前田大臣 そこで、国交省も政策の方針を切り換え、医職住の近接とか地域の集約を進めようとしているわけです。例えば、東北で復興を果たしても、10年経ったら「高齢化が進んで街がもたない」ではダメなのです。職を含めて、継続する街に、住んでいる人はその街で死ぬまでケアをしてもらえるようでないと。厚生労働省が「地域包括ケア」という政策を打ち出していますが、国交省としても、これからの住宅・街づくり政策はそれと連携してやろうと考えています。東京都はこれから高齢化が最も進むわけですから、大都市でもそうした考えが必要です。

■国際化のキーワード

森会長 今の時代、グローバル化は避けられないと思います。車や飛行機、建築物にしても、世界的に分業化が進んでいることのほかに、企業も「日本だけのマーケットでは狭い、アジアなら40億人もいる」と、市場を求めて否応なく世界に出ていくわけです。そこで問題になってくるのが、国際都市間競争の中でどこが世界の中心になるか。カネも知恵も情報も集まるグローバル企業のヘッドクォーターがどこに置かれるかということです。

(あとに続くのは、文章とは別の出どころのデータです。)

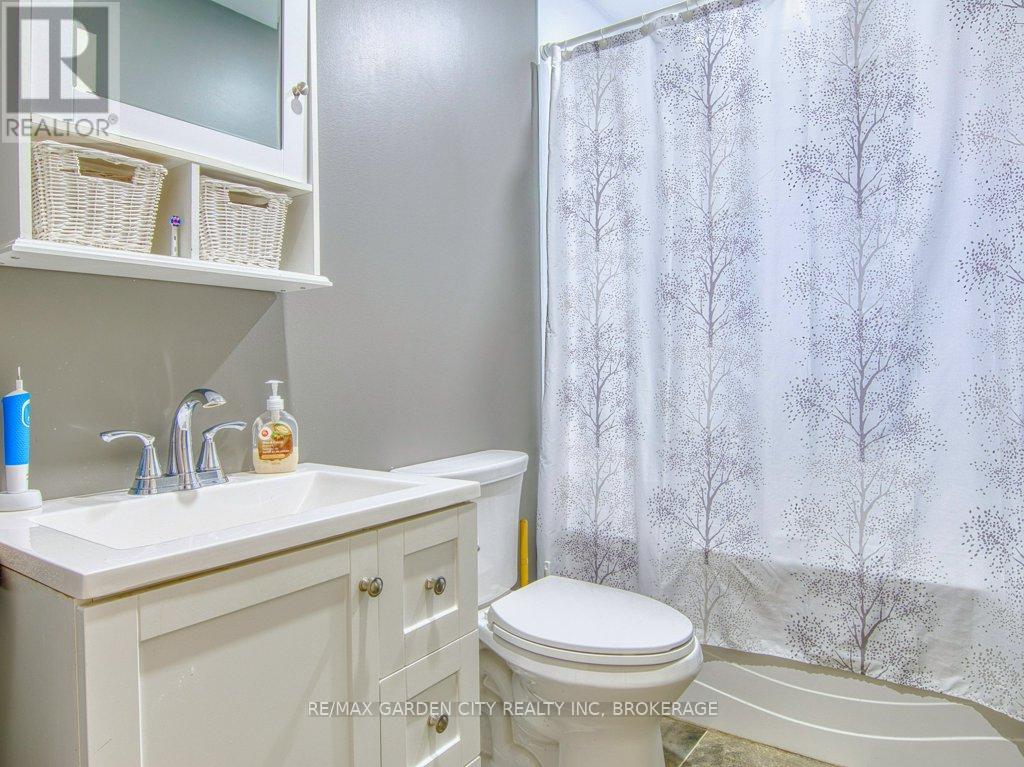 430 Concession 7 Road, Niagara-On-The-Lake, Ontario  L0S 1S0 - Photo 23 - X12627780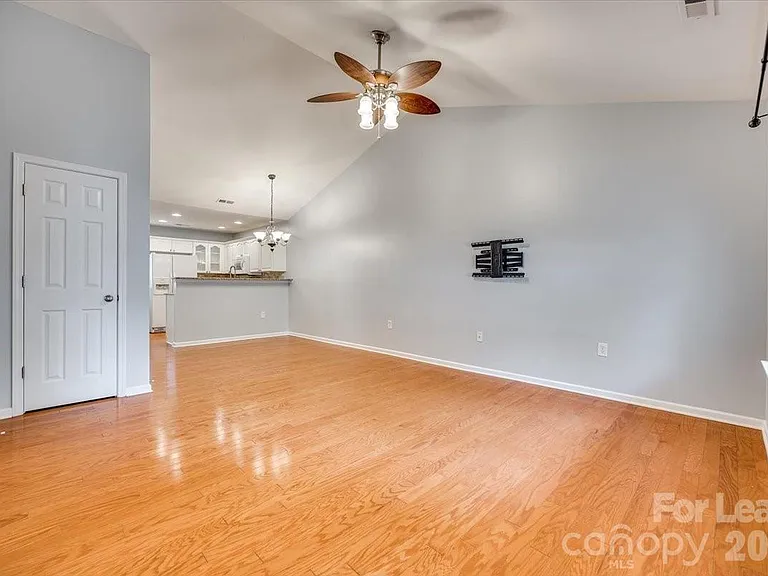2052 Shady Pond Dr — Photo 4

 少子高齢化で日本人の人口は減っていますが、この5年間で逆に日本に住んでいる人は微増しています。東京はかなり増えている、つまり海外から人が入ることで、都市間競争になんとか踏ん張ってついていっている状況です。これが今後の政策としても非常に重要な視点だと思います。

 今や、本格的な大都市間競争が始まっています。この競争に負けると、空洞化はどんどん進み、就業の機会も減る。仮に日本の中での地域間競争に勝っても、世界との競争に負けてしまったら、世界の田舎、地方都市になってしまうわけですから、絶対に負けるわけにはいかないのです。

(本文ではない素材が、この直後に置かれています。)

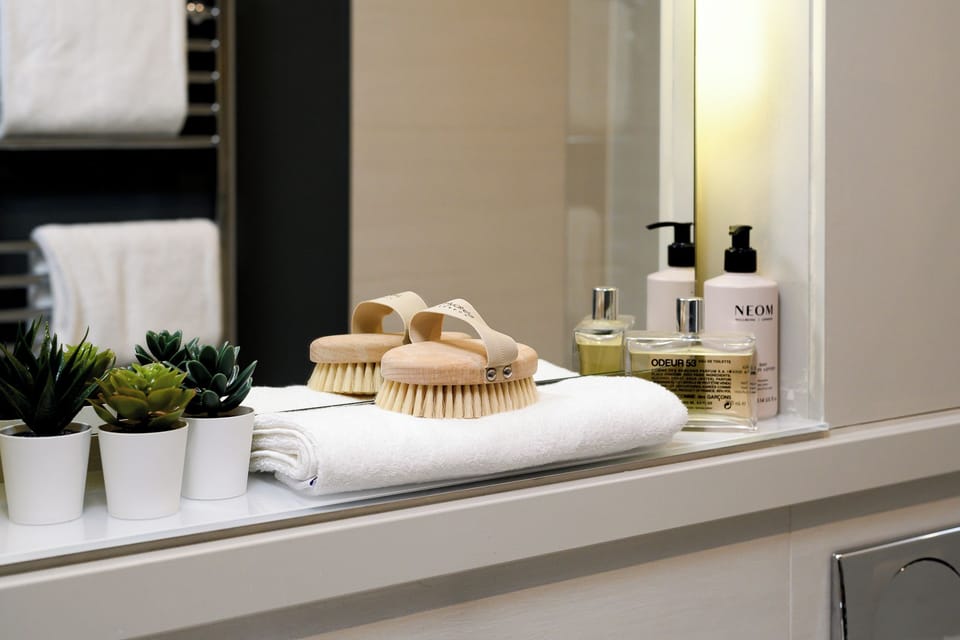 Bathroom amenities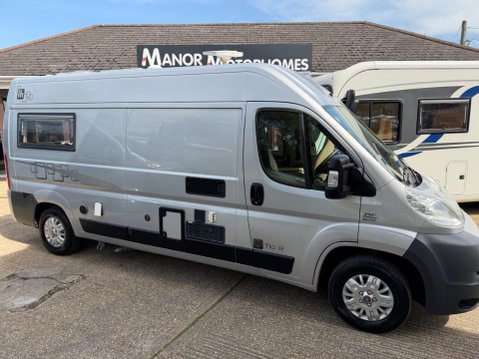 IH Motorhomes TIO RL REAR LOUNGE MODEL LOW MILEAGE 34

 勝つためには、グローバルスタンダードの生活、仕事ができるとか、安全性が保たれるということが非常に大事です。国際戦略総合特区では、まさにグローバルなレベルでの自由度を得るために、各省庁の垣根を越えてワンストップで様々なことにチャレンジする、だからこその特区であり、単なる規制緩和ではなく規制改革が必要です。

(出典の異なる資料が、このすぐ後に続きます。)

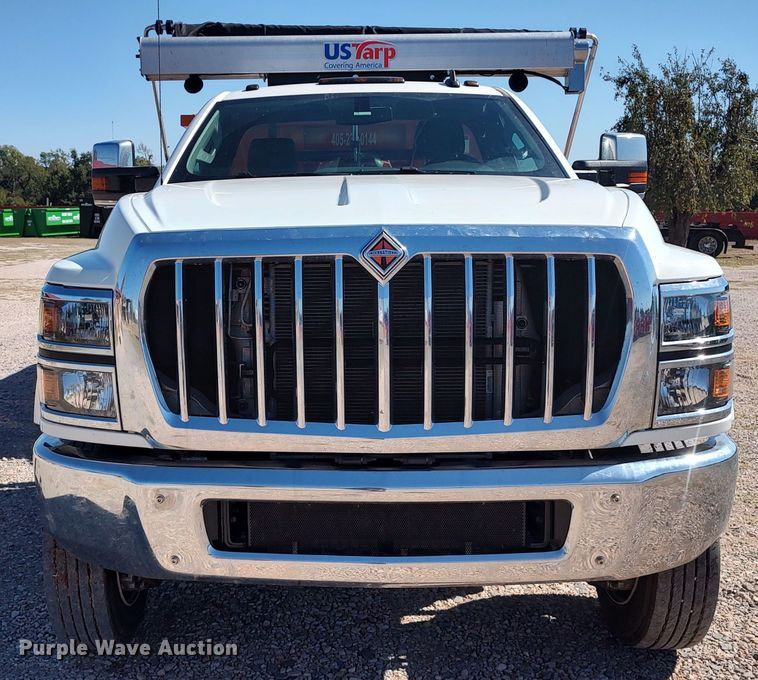 image for item LK9854 2020 International CV515  hook lift truck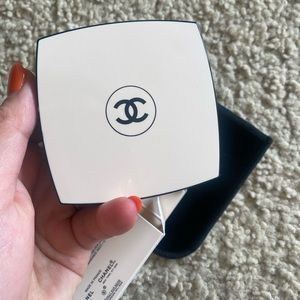 Chanel LES BEIGES Healthy Glow Eyeshadow Palette - never used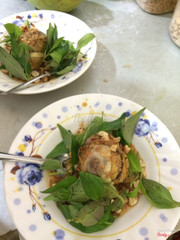 Hột vịt xào sa tế- thơm ngon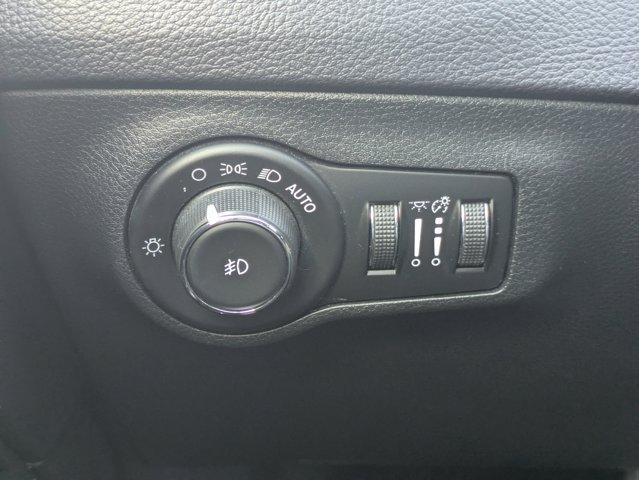 used 2018 Jeep Compass car, priced at $15,211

 もう一つ重要なのはスピードです。上海は17年で世界一の金融都市をつくりました。その街区には40階建て以下のビルはありません。マーケットはまだ国際的に十分に開いていないのに、すでに世界の金融機関のほとんどが集まっています。

 私は、都市再生こそが日本を救うと確信しています。都市の骨格はもちろん、法人税・所得税などの税負担の緩和、金融面の政府保証など、民間を生かし、海外から人や投資を引きつける政策が必要です。都市政策関連の法制度も整った今、12年は都市再生に向けて本格的に動き出す年と大いに期待しています。

前田大臣 日本のバブル期はアジアがまだテイクオフする前で、カネも人も情報も自然と東京に集まる時代でした。安住していたら、いつの間にか中国がきていたということでしょう。対策としては、対外的に日本の魅力を戦略的に打ち出していくこと。先端産業のノウハウ、テクノロジー、科学技術という分野は常に世界と交流をしていて、ノーベル賞も毎年受賞者が出るわけですから。それを行政もビジネス界も支援する、国際交流につながるものを大事にしていかなければならない。

 例えば、研究学園都市。それをどれだけ戦略的に支援、活用しているかというと、実はそうなっていません。つくばも八王子も、関西では「京阪奈」も堺も。すばらしい成果を上げ、世界から学者や研究者がたくさん来ているのに、週末は何のイベントもないのが実情です。シンポジウムなどを行ったらいいのに、自治体も産業界もやらない。例えば、海外の研究者たちに先端都市・東京を見せると、それは世界に発信する一つのメディアになります。

 日本に来た人たちは、それぞれの国の先端の知能ですから。東京は世界に最も開かれた都市です。国際戦略の面でも、東京が「おもてなしの気持ち」を発揮して、日本を引っ張っていってもらうことが重要です。世界から留学や研修などで来てくれる若者などを大事にしていく、そうした気持ちで対応することが大切だと思います。